== DATA FOR REVIEW ==
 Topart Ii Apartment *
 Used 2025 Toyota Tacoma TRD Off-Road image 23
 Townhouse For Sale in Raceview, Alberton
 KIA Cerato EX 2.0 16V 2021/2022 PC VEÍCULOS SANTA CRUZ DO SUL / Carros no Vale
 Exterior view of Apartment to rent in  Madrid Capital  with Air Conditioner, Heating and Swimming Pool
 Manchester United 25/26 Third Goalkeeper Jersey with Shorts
===
== DATA FOR REVIEW ==
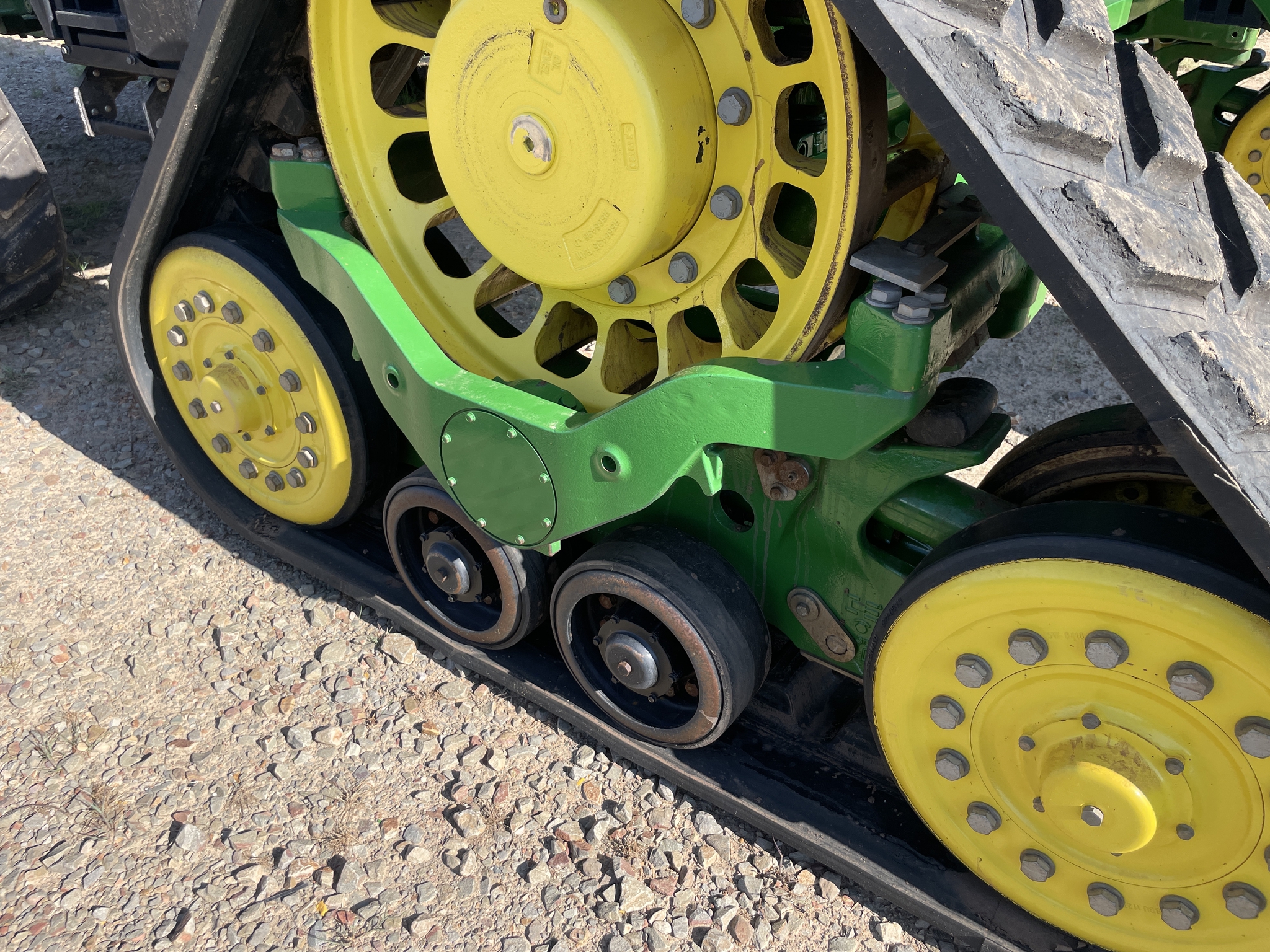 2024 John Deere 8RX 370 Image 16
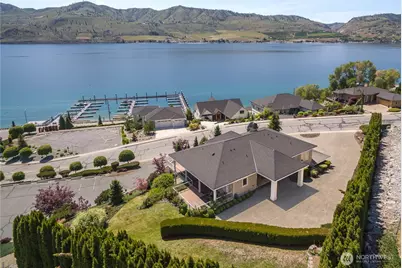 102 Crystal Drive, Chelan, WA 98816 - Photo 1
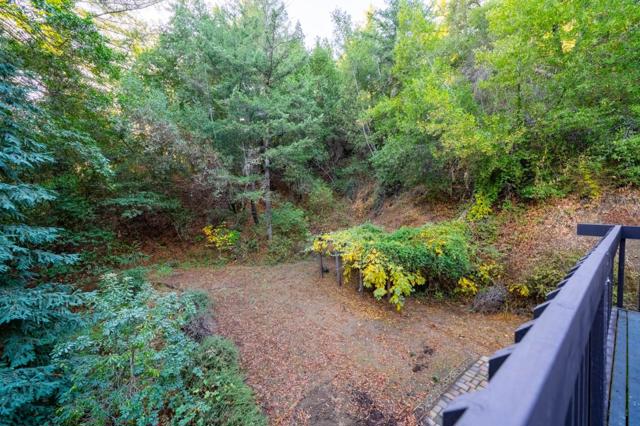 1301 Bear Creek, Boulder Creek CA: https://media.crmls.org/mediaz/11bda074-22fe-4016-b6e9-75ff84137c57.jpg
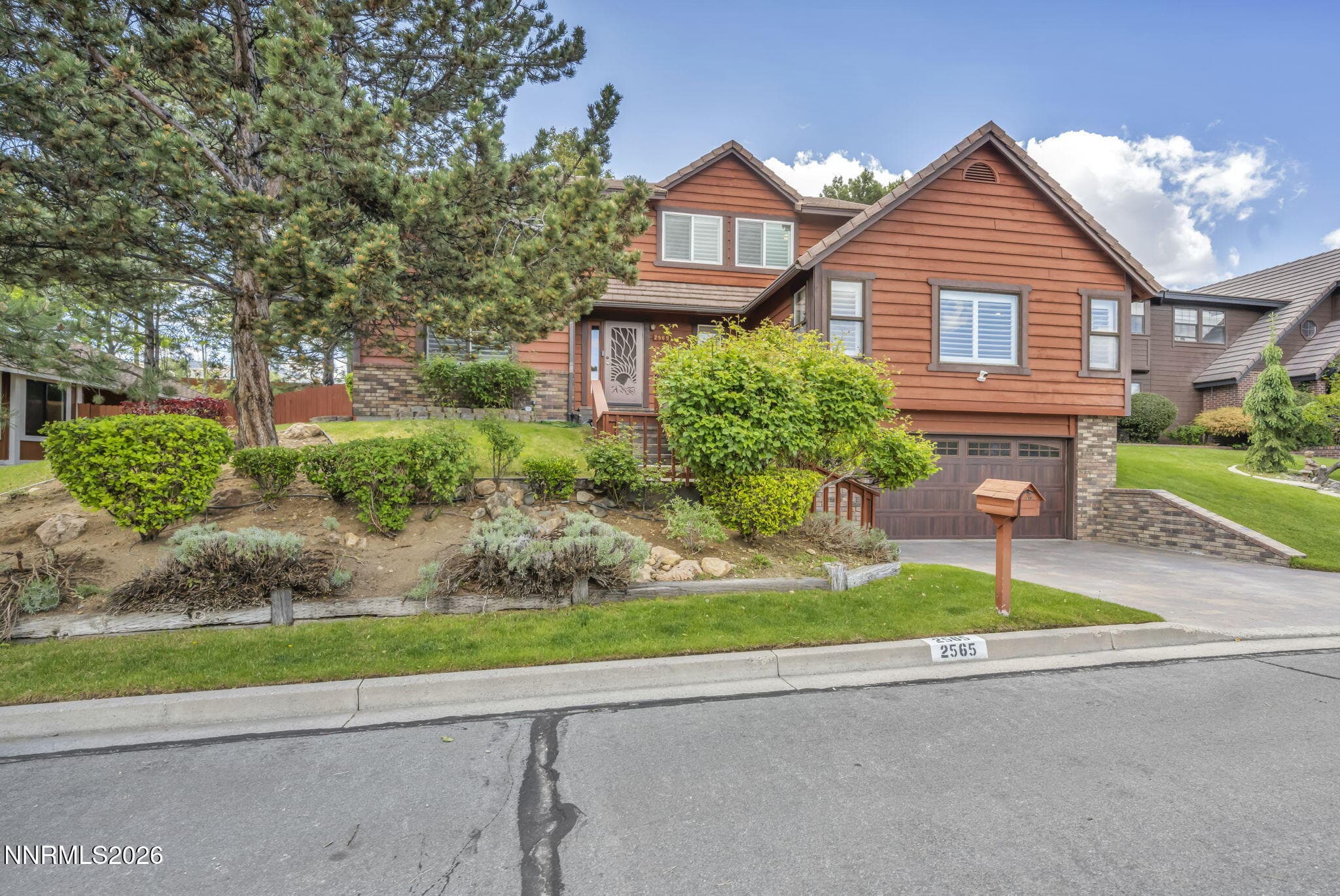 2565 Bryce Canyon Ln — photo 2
===
ACTIVITY >> In the entries above, the lines from the one bearing "Used 2025 Toyota" up to and including the one bearing "Manchester United 25/26" should be transcribed exactly; no other line is wanted.

ANSWER BELOW >>
 Used 2025 Toyota Tacoma TRD Off-Road image 23
 Townhouse For Sale in Raceview, Alberton
 KIA Cerato EX 2.0 16V 2021/2022 PC VEÍCULOS SANTA CRUZ DO SUL / Carros no Vale
 Exterior view of Apartment to rent in  Madrid Capital  with Air Conditioner, Heating and Swimming Pool
 Manchester United 25/26 Third Goalkeeper Jersey with Shorts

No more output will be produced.